Okay, I am SO excited right now! Even more excited than last week when Ms. Johnson said my self-portrait looked like a sick monkey, which is awesome ‘cause I love monkeys and sick means really cool is what Johnny the fifth grader taught me. But the reason I’m so excited is Daddy’s coming home!
Last time I saw him he and Mommy were discussing loudly and then he left. Mommy said he went for ice cream but he didn’t come back. Mommy must be really excited he’s visiting today too. She’s so happy she’s crying! She’s starting a bonfire with Daddy’s clothes which I bet means we are gonna make s’mores together. I really hope Daddy will stay for dinner ‘cause he knows I like dinosaur nuggets. Mommy just always makes me eat TV dinners while she and her new friend Steve go play in her room.
Mommy wouldn’t let me see Daddy a month ago which is really mean! But it’s sort of okay Daddy was gone because I got to talk to Daddy on the phone a bunch when Mommy wasn’t around and he said it’s our secret. He told me wanted to take me to see his new friends. They all chanted a song about karate at me over the phone in unison, which sounded really cool especially because they said it very slow and deep. I bet they practiced just like I do in choir. Mommy said Daddy was “crazy” and has a “out-of control obsession with Ralph Macchio,” but Daddy said his friends were a group of people who wanted to teach me karate so they sound really nice.

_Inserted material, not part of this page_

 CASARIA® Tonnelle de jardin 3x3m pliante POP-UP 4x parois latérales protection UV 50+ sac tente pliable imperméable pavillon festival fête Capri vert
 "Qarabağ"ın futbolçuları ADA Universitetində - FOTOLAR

Daddy told me that I’m very special because I am the “reincarnation of the Chosen One Ralph Macchio” and he’s gonna be my “Mr. Miyagi” to train me to fight the “imposter Jaden Smith” which sounds fun. Daddy also told me if I visit him I can see his new home which he calls “the glorious Temple of Karate” but Mommy told me he really lives in a van behind a Chinese restaurant so that doesn’t sound as fun.
Ohmigosh, Daddy’s here! He shaved his head and is wearing white robes, which is weird. Hi Daddy! Wait, Daddy, I want to stay with Mommy! I don’t want to leave and catch flies in chopsticks with you for the rest of my days! Stop telling me to wax on and wax off!
Holy cow, Mommy is beating the poop out of Daddy! This is too loud and screamy, I’m going back inside to wait for s’mores.